THE PROBLEM: Please give back exactly the line with "NATO Karargahı kimi" and each line after it through the end of the material, leaving out the pictures.

*** DATASET ***

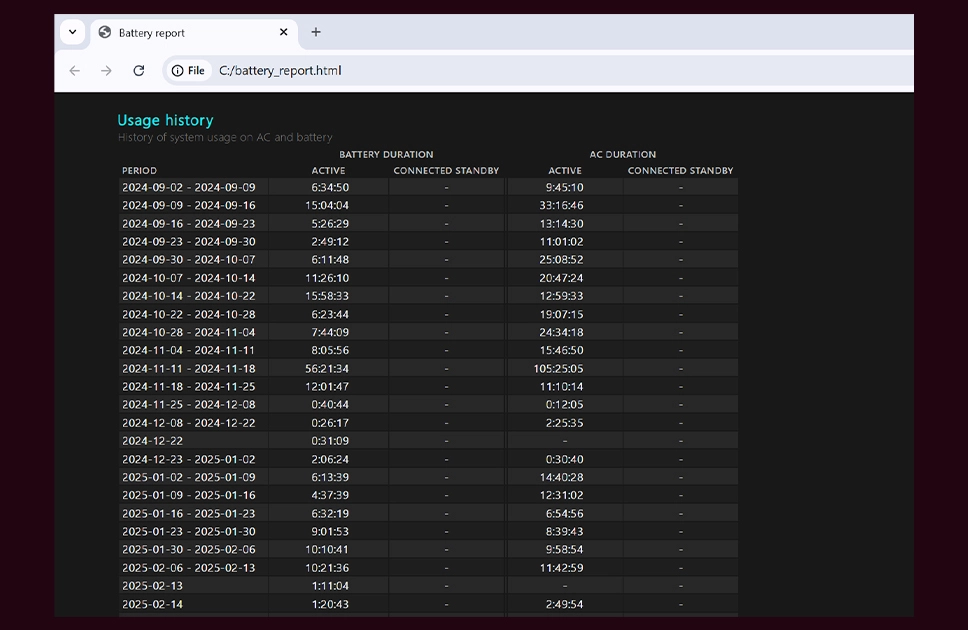 Usage History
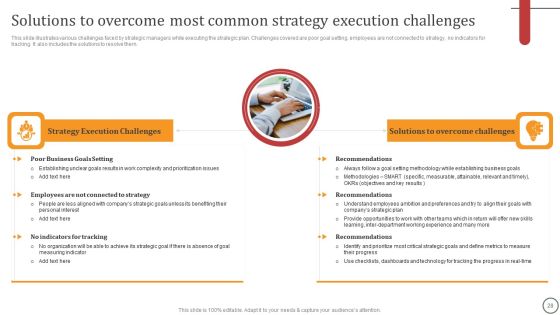 Strategies For Effective Leadership Ppt PowerPoint Presentation Complete Deck With Slides Slide28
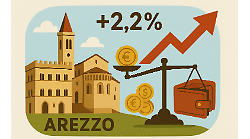 Arezzo, stangata dall'inflazione: ogni famiglia spende 595 euro in più l'anno. Prezzi aumentati del 2,2%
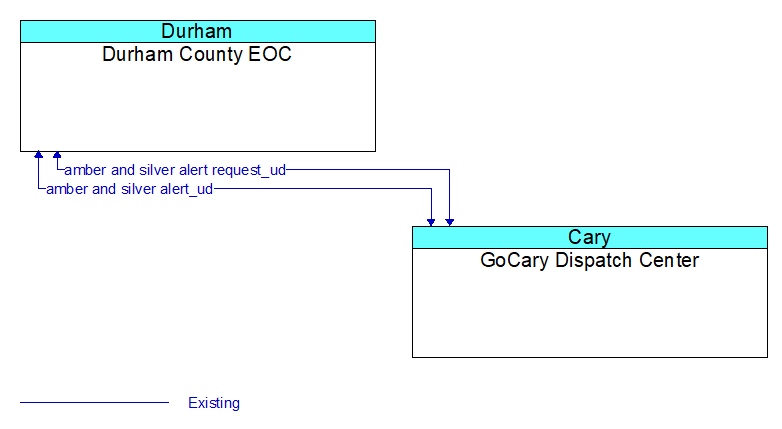 Durham County EOC to GoCary Dispatch Center Interface Diagram
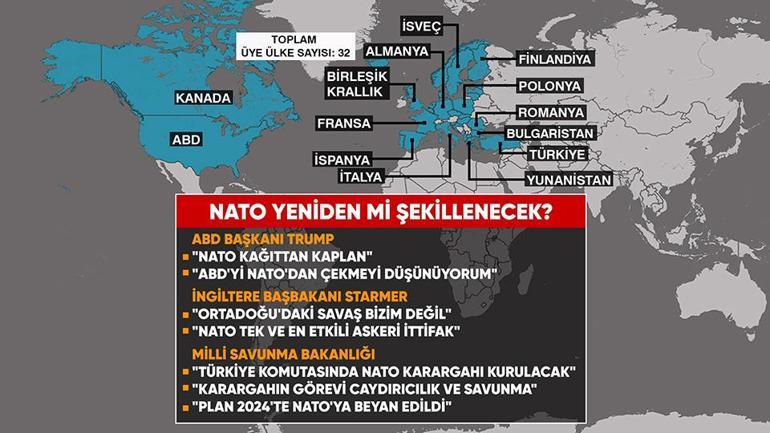 NATO Karargahı kimi kimden koruyacak Dicle Canova detayları anlattı: Komuta Türkiyede olacak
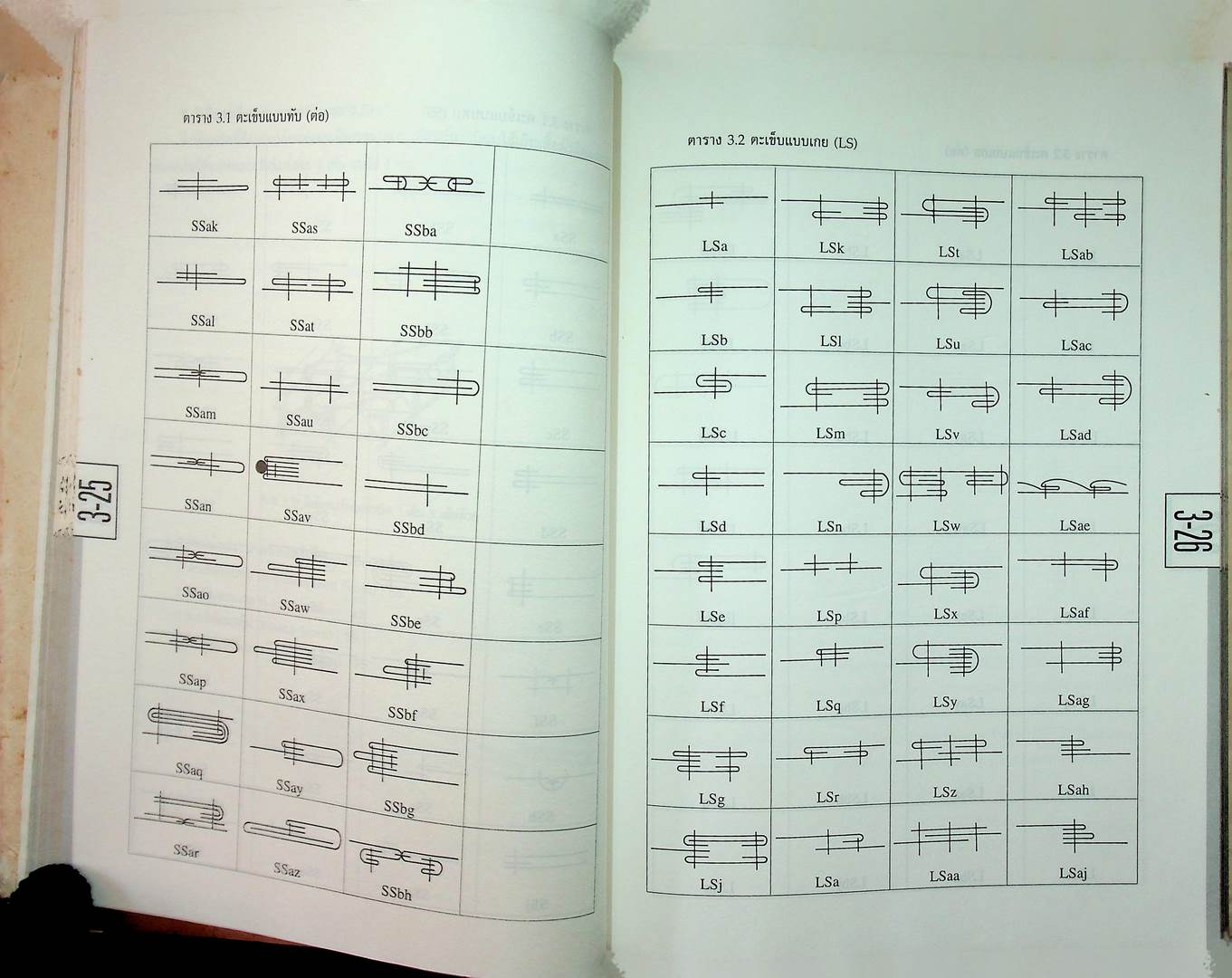 เสื้อผ้าอุตสาหกรรม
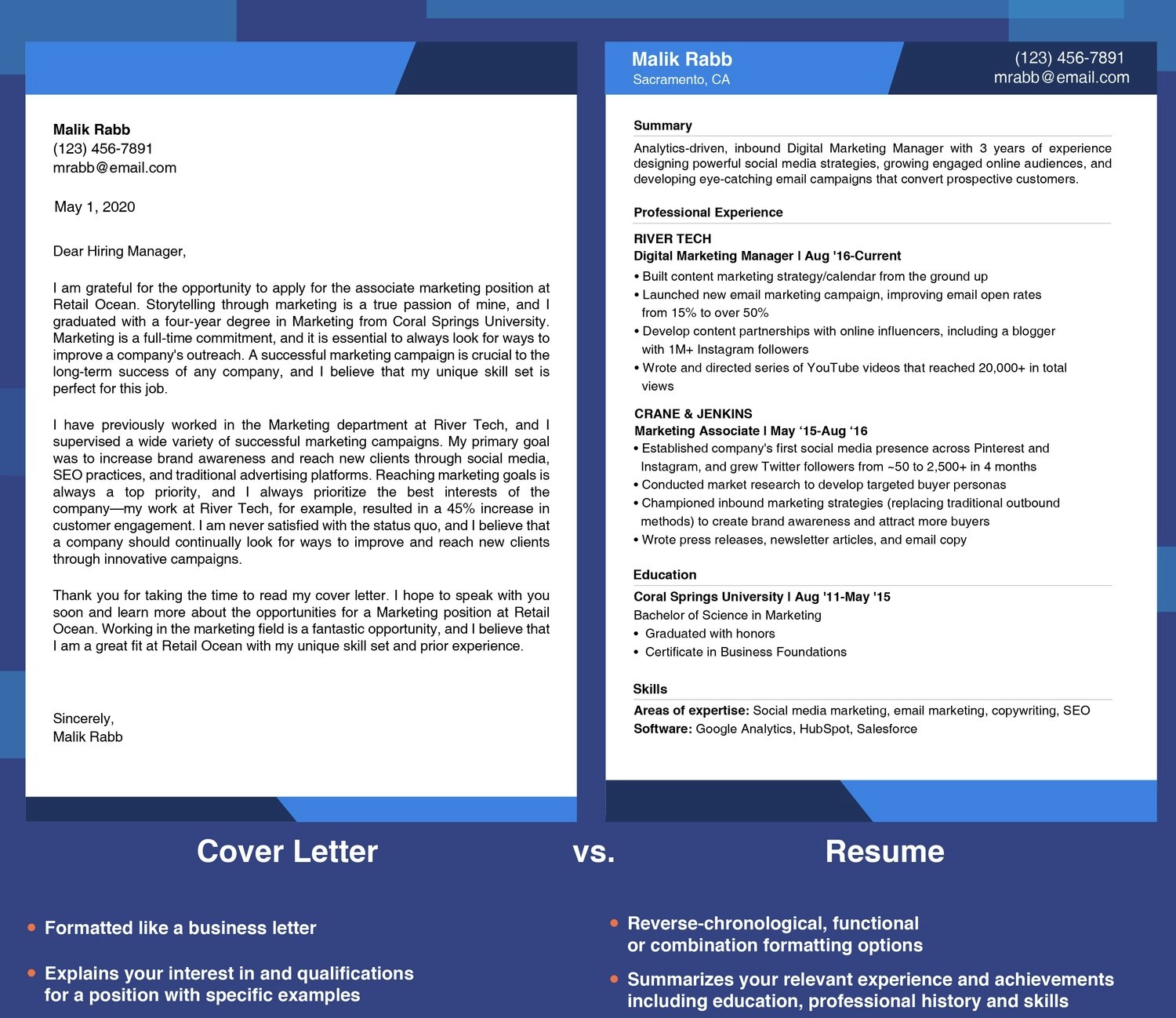 My Cover Letter gallery image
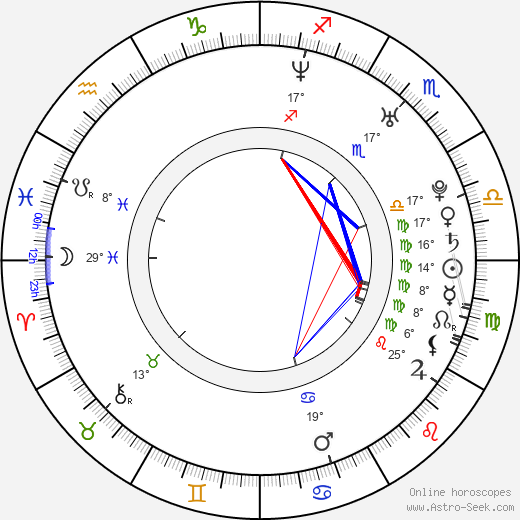 Marieke van Ginneken birth chart, biography, wikipedia 2024, 2025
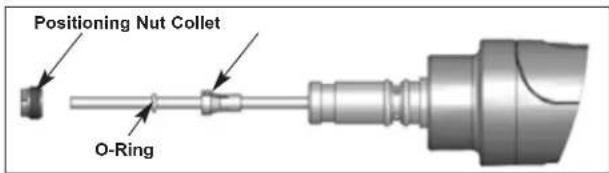LINCOLN ELECTRIC Cougar Push-Pull Gun - Installing Conduit Liner: - 2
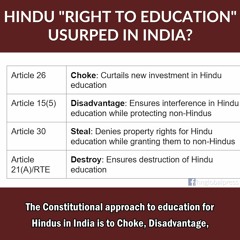 Hindu "Right to Education" Usurped in India?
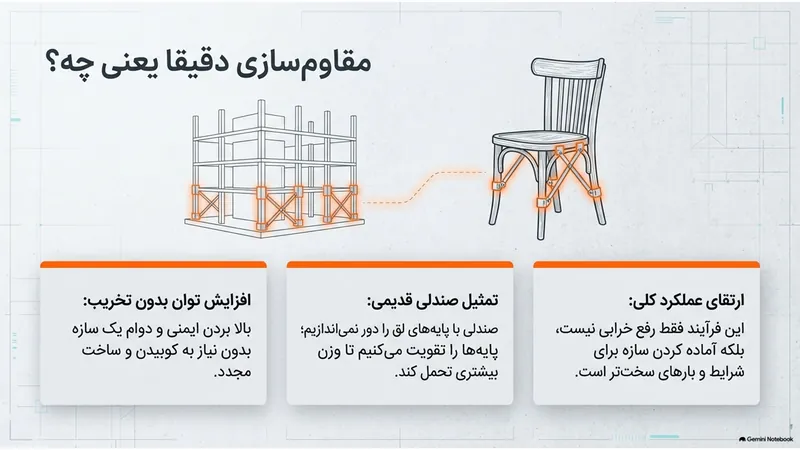 تعریف علمی مقاوم‌سازی
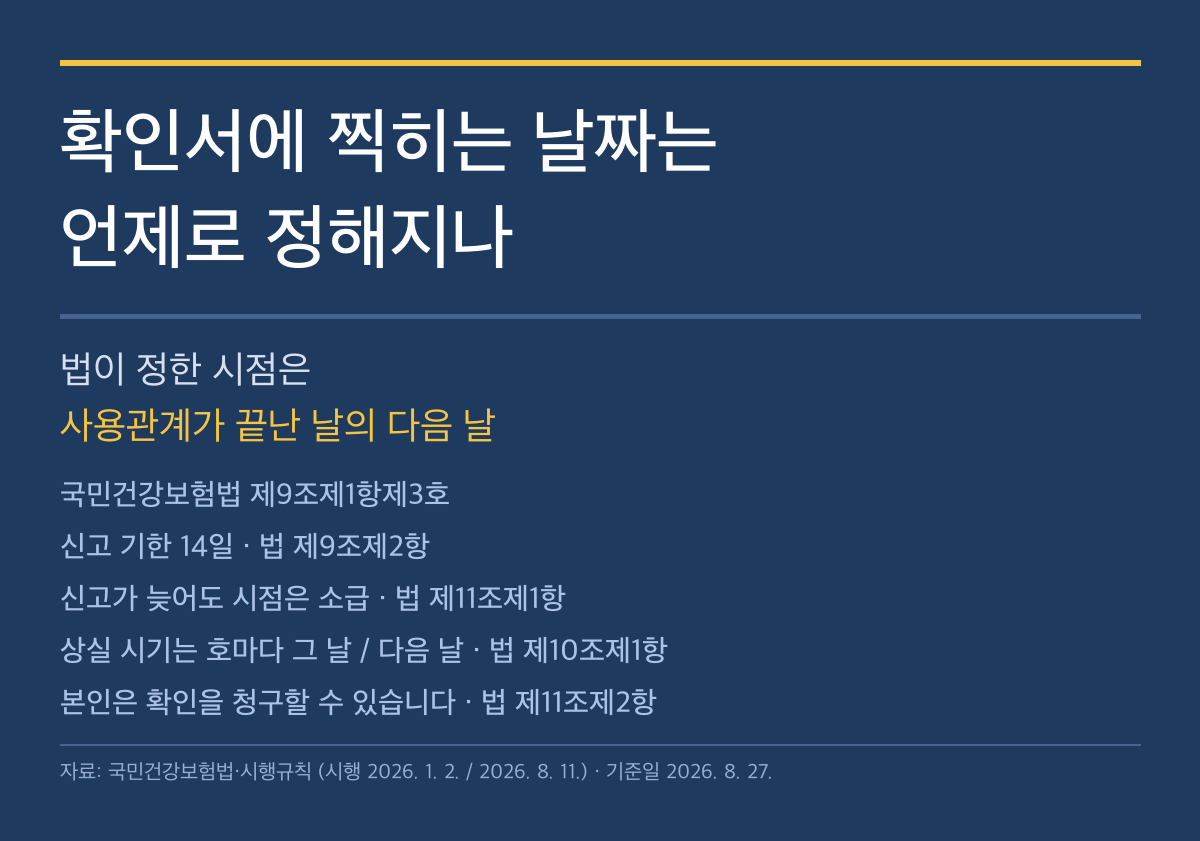 건강보험 자격득실확인서, 퇴사일과 상실일은 왜 다른가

*** End of DATASET ***

ANSWER TO THIS EXERCISE:
 NATO Karargahı kimi kimden koruyacak Dicle Canova detayları anlattı: Komuta Türkiyede olacak
 เสื้อผ้าอุตสาหกรรม
 My Cover Letter gallery image
 Marieke van Ginneken birth chart, biography, wikipedia 2024, 2025
LINCOLN ELECTRIC Cougar Push-Pull Gun - Installing Conduit Liner: - 2
 Hindu "Right to Education" Usurped in India?
 تعریف علمی مقاوم‌سازی
 건강보험 자격득실확인서, 퇴사일과 상실일은 왜 다른가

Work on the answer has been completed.